Dann aber gibt es zum Trost andere kleine Gags wie die zunehmende magnetische Wirkung des Richterstuhls auf Schreiber Licht (herrlich aufdringlich Konstantin Rickert) und den Griff zum Wandtelefon bei: „Maria und Josef ruf ich an!“, Klompen und zerbrechliche Krüge aus Schaumstoff und eine Frau Antje, pardon Brigitte (sympathisch deftig Julia Reznik) wie aus der RAMA-Reklame, die immer wieder versöhnen. Zur Versöhnung gehört auch das allem Druck stand- und die Wahrheit zurückhaltende Widerstreben Eves (Lena Vogt), um ihrem Ruprecht den Weg aus dem Militärdienst freizuhalten, was ja der eigentliche Auslöser für die Turbulenzen war, die in Frau Marthes zerbrochenem Krug und dem malträtierten Schädel des Richters als Folge übereilter Flucht aus Eves Jungmädchenzimmer ihren Gipfel fanden.
Es kommt, wie es kommen muß, der Richter wird abgesetzt, der Schreiber kommt dessen Amt, und das junge Paar ist gerettet. Daran wurde zu Glück nicht gedreht.

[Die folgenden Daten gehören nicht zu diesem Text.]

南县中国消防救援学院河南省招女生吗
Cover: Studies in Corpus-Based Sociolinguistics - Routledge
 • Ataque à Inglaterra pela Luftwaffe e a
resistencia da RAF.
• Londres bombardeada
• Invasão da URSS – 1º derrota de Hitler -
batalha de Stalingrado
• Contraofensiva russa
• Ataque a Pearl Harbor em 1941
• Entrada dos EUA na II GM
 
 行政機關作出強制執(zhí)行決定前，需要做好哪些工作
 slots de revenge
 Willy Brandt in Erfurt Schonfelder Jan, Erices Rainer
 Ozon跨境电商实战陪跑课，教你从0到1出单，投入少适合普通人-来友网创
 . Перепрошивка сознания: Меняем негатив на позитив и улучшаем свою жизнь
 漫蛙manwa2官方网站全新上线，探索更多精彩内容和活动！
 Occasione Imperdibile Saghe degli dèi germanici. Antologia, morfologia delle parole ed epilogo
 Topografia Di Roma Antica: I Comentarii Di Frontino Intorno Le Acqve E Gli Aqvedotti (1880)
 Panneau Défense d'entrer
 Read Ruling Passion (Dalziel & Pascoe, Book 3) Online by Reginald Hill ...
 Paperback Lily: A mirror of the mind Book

v.l.: Alexander Peiler, Jonas Gruber, Lena Vogt, Thomas Braus, Konstantin Rickert, Philippine Pachl - Foto © Uwe Schinkel

Komisch allein genügt nicht
 
Komisch ist das über weite Passagen ohne Zweifel, doch für die falsche Show ausgedacht. Marcus Lobbes kann das nachweislich besser, denken wir nur an „Leonce und Lena“, seinen „König Lear“ oder „Der Sturm“. Es bleibt also nicht sonderlich viel mehr übrig vom Kleistschen Ringen um die Wahrheit, vom Drama um Liebe und Fleischeslust, Moral und Erpressung, Sühne und Rettung als eine burleske Klamotte, eine Karikatur, auch was die Charaktere angeht. Zu sehr müssen die Figuren hinter zwar herrlich bunte, plakative Knalleffekte und Running Gags zurücktreten (Ei, Kreuz- und Satanszeichen, „hier“-Rufe bei Namensnennung, „er hat … gesagt!“ bei derben Vokabeln). Zu zerpflückt und flach wirkt das ganze. Das ist zwar vordergründig lustig, und bringt eine Lacher-Quote, doch darf angezweifelt werden, ob eine perfekte Komödie – und das ist Kleists „Der zerbrochne Krug“ – mit solchen Mätzchen verbessert bzw. publikumsnäher gestaltet werden kann. Obwohl: Ich traf nach der bestens besuchten Premiere viele honorige und kluge Gäste, die sich göttlich amüsiert hatten. Also muß an dieser Interpretation Kleists doch etwas gewesen sein. Ich hab´s nicht gefunden.